The first term in which a new generation of undergraduates will pay - prospectively - up to £9,000 a year for university courses is drawing to a close. Is this the tipping point in the marketisation of higher education?
A recent project at the University of Oxford set out to investigate how attitudes to higher education within one university are changing and whether they are becoming significantly marketised.
The project, which involved staff and students at every level, included an online survey. It asked what the university is for in principle, what it achieves in practice, what people think they are doing when they study, teach or support learning, and who benefits from their activities. Respondents were offered a range of answers - functionalist, idealist, ethical, emotional - including some couched in the language of the market.
A total of 1,236 people responded (around 4 per cent of all students and staff). Of these, 76 per cent of undergraduates, 61 per cent of postgraduates and 45 per cent of academics agree that they are "consumers of education". Is marketisation, then, a fait accompli?
Not quite: other "market" options have less appeal. Only 48 per cent of respondents agree that they are investors in education and 22 per cent that it is a consumer good, while of those who teach, only 2 per cent agree that they are service providers.
Although calling students, and even academics, consumers of education may be fashionable, it seems that marketised thinking has not penetrated Oxford very deeply.
But this is not the whole story. When the responses of those who describe themselves as consumers are compared with the responses of those who do not, the consumers deviate markedly from the average.
The self-identified consumers are the group most likely to agree with functionalist statements, such as that Oxford exists to train elites, grow the economy or contribute to industry. They are strongly individualistic, more likely than others to have come to Oxford to do something they want for themselves - increase their earning power, gain an advantage over their competitors and meet people who will be useful in their careers. They have a strong sense of entitlement, tending to agree that university education is a right and that universities exist to help people achieve the careers they want or deserve.
The consumers who teach are more likely than others to see their work as selling goods or services, preparing people for the job market and helping students make useful contacts.
Members of the group are less likely to be looking for the good life, truth, wisdom, virtue or beauty, to be doing something they love, or to see themselves as being formed by education. They are much less likely to see themselves as doing something for society or something society needs them to do.

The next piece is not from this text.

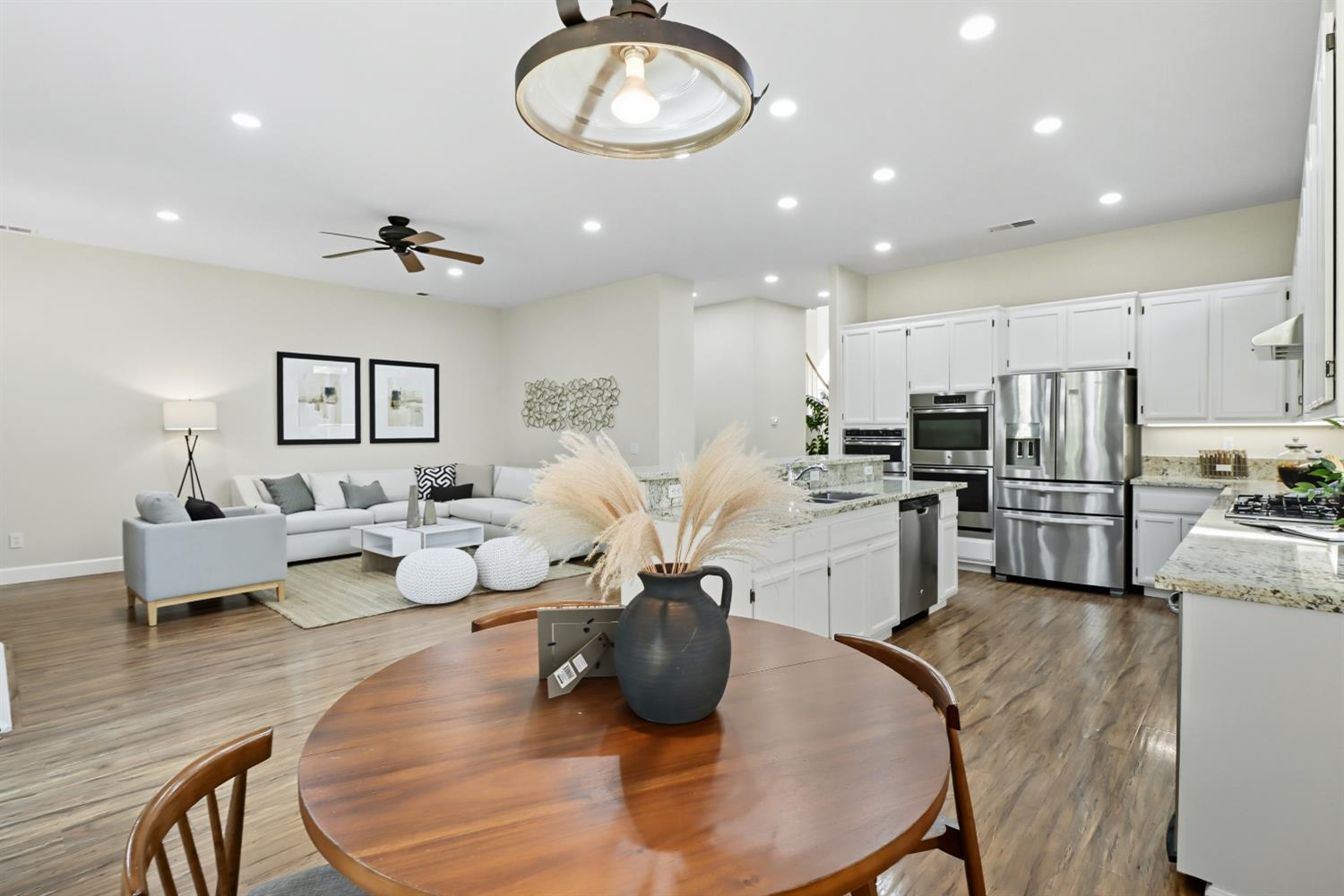 1527 Rio Grande Street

They are less likely to see university education as a privilege, a pleasure, or a social, moral or personal good.
Does this matter? In some ways, the profile of consumers is an attractive one. They communicate a keen zest for life and a robust sense of self-worth and entitlement. They like to enjoy themselves while keeping an eye to their advantage. They are sociable, committed networkers, and determined to maximise their opportunities. If societies are best served by their members pursuing their individual self-interest, then maybe these are just the kind of people we need.
But one might wonder, or worry, about the absence of a sense of social responsibility. One might regret the lack of interest expressed in truth, or in intellectual and cultural activities for their own sake.
This raises a further question: are consumers of education, as sketched above, a package deal, as it were, or can they be "customised" to adopt other social or intellectual values? If they can, what values might individual teachers or institutions want to discuss with them? Very few respondents to the survey wanted to take that question on - but I think we must. It is important for both students and society that students reflect on the value of what they learn in the broadest terms.